I harp a lot about how computer science is a great approach to thinking about representations. This semester, however, I’ve started thinking about how computer science is also fertile ground for getting students to reflect on their own work. I seem to recall a study about how metacognition training doesn’t really work (or rather, that it falls back to pre-training levels very quickly. In this case, though, I don’t seem much opportunity cost in including it in the class.
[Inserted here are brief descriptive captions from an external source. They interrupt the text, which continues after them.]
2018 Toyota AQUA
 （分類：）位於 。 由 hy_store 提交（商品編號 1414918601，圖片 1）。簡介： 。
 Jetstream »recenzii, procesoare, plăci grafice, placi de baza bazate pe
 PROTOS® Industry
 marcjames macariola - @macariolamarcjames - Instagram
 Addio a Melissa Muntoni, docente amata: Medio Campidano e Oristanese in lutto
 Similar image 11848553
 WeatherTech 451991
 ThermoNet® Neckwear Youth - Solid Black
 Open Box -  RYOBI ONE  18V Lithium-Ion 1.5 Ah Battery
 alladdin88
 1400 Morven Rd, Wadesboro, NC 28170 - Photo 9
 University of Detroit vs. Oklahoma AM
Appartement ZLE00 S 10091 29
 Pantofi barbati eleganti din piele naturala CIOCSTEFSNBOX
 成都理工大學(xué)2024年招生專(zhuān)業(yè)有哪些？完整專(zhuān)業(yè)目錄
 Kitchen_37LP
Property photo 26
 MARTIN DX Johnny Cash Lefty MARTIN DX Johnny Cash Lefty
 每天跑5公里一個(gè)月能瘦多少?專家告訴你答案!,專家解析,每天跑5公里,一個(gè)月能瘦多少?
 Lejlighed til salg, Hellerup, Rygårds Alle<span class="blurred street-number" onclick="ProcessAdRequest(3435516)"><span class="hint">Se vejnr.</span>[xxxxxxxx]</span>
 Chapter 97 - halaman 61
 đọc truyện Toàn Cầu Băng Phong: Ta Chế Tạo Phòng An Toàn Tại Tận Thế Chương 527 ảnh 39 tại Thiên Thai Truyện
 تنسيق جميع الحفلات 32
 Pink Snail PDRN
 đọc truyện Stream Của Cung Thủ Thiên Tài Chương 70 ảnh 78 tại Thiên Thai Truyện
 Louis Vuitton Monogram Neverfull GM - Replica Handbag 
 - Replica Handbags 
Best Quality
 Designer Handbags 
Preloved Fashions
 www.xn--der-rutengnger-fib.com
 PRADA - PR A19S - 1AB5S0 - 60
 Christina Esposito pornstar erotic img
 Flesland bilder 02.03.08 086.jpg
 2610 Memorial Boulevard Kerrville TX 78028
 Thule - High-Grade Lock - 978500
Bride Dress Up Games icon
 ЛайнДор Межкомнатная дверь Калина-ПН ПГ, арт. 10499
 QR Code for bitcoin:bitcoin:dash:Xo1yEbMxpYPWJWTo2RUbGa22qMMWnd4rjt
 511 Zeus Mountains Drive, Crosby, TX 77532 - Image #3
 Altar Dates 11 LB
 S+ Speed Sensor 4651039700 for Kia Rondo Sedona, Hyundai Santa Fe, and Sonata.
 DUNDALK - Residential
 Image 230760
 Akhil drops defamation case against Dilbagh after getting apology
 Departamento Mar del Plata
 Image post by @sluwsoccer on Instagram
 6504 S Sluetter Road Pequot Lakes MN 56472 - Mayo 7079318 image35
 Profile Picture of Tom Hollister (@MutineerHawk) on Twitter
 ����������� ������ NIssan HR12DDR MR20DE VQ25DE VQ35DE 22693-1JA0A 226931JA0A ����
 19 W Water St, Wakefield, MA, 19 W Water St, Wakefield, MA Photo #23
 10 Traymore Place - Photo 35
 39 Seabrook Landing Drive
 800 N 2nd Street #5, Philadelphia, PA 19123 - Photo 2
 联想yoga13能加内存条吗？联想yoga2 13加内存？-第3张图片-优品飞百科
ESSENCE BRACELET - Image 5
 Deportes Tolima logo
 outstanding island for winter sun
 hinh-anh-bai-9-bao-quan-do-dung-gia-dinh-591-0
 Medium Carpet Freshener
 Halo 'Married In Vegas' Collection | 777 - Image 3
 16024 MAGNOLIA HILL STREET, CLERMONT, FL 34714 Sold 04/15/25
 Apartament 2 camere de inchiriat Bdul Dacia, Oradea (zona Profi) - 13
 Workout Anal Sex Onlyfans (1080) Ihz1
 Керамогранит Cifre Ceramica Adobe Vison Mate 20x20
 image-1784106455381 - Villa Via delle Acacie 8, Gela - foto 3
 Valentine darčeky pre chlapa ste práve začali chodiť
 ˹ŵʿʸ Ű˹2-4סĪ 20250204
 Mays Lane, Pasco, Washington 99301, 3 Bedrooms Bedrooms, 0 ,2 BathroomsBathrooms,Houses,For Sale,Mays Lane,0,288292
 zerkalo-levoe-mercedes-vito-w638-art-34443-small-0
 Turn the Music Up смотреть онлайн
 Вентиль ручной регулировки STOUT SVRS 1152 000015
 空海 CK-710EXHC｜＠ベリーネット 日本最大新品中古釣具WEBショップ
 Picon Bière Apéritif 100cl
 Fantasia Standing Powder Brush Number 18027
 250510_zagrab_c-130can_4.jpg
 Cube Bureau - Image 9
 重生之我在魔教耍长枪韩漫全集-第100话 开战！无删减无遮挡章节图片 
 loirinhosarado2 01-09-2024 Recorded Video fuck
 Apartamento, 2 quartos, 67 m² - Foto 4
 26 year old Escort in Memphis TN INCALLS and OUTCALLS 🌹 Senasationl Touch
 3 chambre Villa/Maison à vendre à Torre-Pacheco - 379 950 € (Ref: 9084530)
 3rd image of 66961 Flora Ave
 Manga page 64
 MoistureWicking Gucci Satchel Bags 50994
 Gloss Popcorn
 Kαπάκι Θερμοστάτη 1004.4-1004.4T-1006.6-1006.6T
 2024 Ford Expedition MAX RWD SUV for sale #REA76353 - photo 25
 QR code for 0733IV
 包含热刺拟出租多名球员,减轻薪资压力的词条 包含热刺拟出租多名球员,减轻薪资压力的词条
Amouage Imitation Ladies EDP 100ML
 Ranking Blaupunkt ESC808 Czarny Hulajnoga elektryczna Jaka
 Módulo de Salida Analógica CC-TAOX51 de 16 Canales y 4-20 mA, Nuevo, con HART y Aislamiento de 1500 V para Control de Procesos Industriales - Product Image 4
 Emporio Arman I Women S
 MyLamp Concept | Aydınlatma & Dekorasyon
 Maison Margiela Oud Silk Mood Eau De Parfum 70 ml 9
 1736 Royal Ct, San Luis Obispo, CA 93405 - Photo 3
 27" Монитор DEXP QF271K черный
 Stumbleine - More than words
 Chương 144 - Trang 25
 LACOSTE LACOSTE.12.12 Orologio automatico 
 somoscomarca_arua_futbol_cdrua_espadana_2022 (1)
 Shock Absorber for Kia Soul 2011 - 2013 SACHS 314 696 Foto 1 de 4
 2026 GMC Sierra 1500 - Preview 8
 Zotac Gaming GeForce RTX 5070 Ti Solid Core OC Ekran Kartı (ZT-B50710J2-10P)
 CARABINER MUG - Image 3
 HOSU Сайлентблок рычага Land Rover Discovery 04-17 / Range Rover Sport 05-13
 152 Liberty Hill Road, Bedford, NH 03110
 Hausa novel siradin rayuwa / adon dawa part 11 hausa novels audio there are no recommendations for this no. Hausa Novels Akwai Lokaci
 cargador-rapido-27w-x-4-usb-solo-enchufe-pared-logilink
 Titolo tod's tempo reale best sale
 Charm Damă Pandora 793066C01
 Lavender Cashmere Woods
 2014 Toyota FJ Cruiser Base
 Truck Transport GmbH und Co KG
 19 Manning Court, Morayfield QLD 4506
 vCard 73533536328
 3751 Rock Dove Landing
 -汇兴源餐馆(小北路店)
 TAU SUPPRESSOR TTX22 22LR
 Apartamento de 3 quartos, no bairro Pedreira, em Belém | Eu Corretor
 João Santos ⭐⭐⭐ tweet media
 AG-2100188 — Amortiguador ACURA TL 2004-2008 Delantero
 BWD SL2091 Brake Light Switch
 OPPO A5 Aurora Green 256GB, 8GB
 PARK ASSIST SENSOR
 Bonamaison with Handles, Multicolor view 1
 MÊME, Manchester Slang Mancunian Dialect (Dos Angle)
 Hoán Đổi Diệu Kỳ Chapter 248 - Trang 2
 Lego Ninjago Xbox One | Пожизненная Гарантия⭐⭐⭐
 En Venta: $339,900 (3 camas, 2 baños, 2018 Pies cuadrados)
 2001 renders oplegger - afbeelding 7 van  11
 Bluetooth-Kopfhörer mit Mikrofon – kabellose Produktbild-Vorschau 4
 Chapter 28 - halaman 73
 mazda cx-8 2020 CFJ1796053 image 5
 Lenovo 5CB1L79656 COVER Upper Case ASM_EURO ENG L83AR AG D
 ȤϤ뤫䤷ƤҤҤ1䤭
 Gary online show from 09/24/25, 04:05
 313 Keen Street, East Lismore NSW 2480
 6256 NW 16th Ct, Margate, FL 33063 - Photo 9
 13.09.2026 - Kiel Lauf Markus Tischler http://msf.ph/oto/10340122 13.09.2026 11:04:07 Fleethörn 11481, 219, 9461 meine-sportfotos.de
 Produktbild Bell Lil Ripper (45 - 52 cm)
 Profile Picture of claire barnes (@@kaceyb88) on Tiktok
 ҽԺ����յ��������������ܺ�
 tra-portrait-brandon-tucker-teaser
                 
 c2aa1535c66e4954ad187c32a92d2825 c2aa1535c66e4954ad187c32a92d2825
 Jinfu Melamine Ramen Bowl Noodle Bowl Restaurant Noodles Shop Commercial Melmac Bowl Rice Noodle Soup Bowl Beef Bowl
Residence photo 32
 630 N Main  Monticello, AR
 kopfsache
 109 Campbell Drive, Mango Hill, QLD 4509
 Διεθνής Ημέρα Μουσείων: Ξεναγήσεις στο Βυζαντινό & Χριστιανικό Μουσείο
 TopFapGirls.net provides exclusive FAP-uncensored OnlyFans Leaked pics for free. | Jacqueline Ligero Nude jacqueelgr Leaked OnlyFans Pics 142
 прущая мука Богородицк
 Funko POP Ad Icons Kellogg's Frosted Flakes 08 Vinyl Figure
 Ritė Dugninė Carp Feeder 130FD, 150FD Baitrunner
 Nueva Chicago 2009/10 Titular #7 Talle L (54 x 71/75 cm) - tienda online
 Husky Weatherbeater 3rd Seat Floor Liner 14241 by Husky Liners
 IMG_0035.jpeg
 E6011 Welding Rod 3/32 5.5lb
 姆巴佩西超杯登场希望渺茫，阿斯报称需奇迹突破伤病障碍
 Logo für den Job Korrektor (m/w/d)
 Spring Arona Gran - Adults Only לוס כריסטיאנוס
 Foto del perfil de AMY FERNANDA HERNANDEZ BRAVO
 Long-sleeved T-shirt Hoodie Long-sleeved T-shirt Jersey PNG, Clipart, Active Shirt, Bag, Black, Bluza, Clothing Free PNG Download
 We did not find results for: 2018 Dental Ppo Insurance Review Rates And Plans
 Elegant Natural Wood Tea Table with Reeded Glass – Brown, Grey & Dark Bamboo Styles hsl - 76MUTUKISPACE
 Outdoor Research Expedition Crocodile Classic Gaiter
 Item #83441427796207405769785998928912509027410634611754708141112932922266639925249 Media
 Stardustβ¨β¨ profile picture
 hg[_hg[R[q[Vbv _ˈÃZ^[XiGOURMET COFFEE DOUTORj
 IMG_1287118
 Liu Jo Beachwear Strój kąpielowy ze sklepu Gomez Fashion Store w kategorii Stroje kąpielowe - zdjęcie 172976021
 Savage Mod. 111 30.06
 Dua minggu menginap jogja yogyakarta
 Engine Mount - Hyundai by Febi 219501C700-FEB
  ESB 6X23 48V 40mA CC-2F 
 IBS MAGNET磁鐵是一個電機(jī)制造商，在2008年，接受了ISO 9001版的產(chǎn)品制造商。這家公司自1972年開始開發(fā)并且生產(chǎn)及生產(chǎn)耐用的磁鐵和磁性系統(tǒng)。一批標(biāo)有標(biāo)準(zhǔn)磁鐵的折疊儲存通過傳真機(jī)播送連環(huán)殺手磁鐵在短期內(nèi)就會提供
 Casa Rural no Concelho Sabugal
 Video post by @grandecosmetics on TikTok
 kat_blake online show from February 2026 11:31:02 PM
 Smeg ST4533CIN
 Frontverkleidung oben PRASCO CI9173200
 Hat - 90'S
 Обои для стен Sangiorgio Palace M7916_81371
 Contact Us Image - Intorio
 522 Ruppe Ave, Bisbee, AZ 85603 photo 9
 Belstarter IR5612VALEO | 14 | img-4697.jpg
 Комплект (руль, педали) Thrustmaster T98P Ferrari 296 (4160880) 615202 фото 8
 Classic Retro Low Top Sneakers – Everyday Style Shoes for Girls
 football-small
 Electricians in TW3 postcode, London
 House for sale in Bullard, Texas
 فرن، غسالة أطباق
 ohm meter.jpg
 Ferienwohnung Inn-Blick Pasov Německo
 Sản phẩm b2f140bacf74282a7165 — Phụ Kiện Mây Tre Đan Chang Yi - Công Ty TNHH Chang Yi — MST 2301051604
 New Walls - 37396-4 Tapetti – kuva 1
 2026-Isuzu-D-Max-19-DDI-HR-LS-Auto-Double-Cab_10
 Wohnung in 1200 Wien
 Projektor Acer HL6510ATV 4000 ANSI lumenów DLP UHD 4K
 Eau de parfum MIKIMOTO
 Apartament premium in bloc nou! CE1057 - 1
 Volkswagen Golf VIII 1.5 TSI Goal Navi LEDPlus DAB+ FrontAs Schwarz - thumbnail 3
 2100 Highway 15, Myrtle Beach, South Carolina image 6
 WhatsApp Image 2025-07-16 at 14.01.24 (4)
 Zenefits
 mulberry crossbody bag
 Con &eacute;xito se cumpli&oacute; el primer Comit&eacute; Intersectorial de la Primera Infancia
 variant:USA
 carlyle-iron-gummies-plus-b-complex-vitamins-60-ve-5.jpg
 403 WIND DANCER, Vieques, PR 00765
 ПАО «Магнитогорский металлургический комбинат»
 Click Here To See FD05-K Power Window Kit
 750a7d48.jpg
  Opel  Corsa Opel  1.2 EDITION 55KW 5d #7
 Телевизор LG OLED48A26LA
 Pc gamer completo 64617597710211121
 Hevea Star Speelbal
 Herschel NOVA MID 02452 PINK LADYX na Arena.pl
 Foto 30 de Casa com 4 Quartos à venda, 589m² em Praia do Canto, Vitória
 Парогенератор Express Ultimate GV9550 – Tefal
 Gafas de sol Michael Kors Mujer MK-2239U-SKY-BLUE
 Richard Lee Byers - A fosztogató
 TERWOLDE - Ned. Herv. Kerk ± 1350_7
One thing I’ve been doing in my assignments, especially as the semester went on, was to include questions that are about how students think they did and justifying that answer. In the Bayesian network homework, for example, one of the questions was about creating evidence and explaining why the resulting posteriors make sense. A follow up question then asked them to find posteriors that don’t make sense, then consider whether it’s their network model that’s incorrect, or if it’s their intuition that is incorrect. The answers okay – nothing great – but at least I enjoyed the experience.
The NLP assignment, that was due just several days ago, did something similar. It was one of the more “standard” computer science assignments, creating an information extraction program. Among the questions they have to answer, however, is one that asks them to give their own program a score. In a normal computer science project, of course, there would be some set of hand-curated answers, and students’ work would be compared against it. In this case, because the dataset is new (and because I’m lazy), I didn’t create such a solution.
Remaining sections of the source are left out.